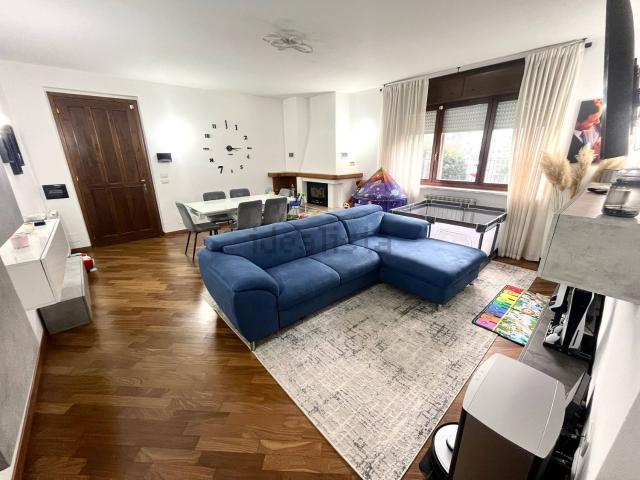 Case e ville in vendita di 163 m² in Via Monsignor Luigi Locati, 40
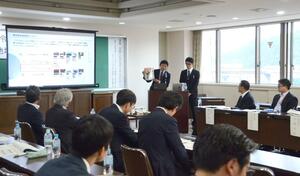 「サイクルトレイン」をテーマにした講演会などを通じ、利用促進策を探った飯山線沿線地域活性化協議会の総会=津南町役場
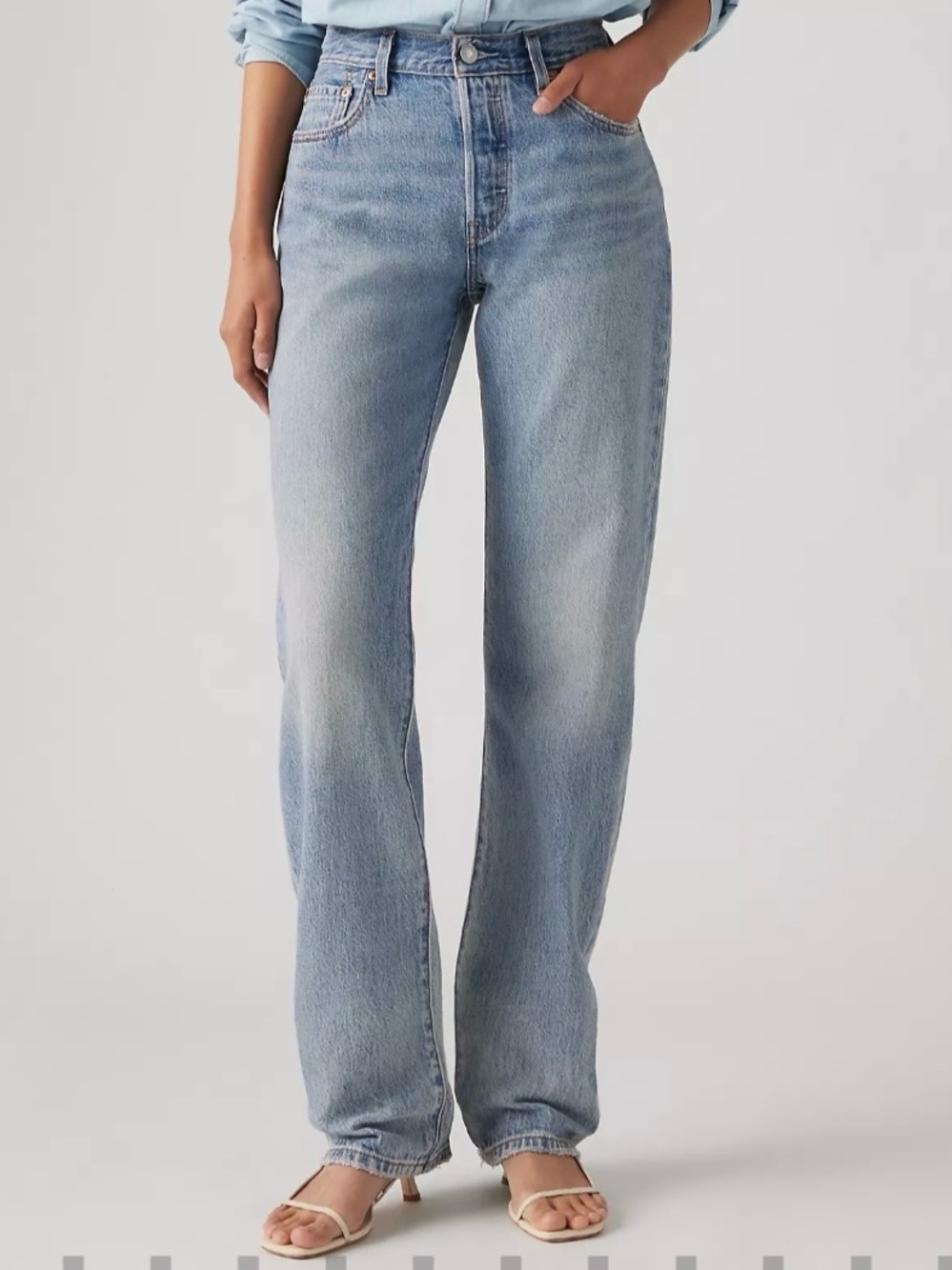 Levi's 501 90s Lightweight Light Blue Straight Leg mid rise Jeans size 30 NWT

**Exercise details**
Transcribe the whole listing exactly. Pictures stay out of your copy.

**Solution to this exercise**
 Case e ville in vendita di 163 m² in Via Monsignor Luigi Locati, 40
 「サイクルトレイン」をテーマにした講演会などを通じ、利用促進策を探った飯山線沿線地域活性化協議会の総会=津南町役場
 Levi's 501 90s Lightweight Light Blue Straight Leg mid rise Jeans size 30 NWT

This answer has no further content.